_Data to examine:_
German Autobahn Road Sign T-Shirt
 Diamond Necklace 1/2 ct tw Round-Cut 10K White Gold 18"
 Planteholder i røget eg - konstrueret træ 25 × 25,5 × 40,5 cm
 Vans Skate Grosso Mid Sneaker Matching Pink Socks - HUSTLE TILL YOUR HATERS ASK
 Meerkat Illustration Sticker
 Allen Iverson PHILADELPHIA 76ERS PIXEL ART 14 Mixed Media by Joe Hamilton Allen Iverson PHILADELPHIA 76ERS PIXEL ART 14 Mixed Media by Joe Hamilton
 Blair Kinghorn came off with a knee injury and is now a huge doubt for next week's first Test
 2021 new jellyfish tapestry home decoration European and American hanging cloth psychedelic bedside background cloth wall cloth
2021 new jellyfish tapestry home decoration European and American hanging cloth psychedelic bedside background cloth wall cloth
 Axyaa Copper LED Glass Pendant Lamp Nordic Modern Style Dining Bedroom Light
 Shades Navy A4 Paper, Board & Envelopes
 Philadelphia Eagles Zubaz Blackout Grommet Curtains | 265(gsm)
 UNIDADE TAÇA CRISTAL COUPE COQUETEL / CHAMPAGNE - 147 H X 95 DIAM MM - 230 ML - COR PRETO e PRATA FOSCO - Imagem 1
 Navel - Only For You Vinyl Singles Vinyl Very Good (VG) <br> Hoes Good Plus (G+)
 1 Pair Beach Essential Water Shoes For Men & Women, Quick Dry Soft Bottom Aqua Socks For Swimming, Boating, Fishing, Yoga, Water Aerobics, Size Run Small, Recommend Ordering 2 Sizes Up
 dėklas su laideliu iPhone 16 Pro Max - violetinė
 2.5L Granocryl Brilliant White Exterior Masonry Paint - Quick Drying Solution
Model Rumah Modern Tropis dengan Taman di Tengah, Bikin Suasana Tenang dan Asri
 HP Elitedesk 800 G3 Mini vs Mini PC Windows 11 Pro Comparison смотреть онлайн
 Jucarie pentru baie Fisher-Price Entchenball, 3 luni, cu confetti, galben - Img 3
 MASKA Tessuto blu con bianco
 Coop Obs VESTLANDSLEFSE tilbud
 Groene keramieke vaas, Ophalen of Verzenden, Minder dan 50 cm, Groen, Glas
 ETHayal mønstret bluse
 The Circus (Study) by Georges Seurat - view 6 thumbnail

_Required action:_
Through the line that holds "Meerkat Illustration Sticker", repeat the material above exactly, starting at its first line.

_Response below:_
German Autobahn Road Sign T-Shirt
 Diamond Necklace 1/2 ct tw Round-Cut 10K White Gold 18"
 Planteholder i røget eg - konstrueret træ 25 × 25,5 × 40,5 cm
 Vans Skate Grosso Mid Sneaker Matching Pink Socks - HUSTLE TILL YOUR HATERS ASK
 Meerkat Illustration Sticker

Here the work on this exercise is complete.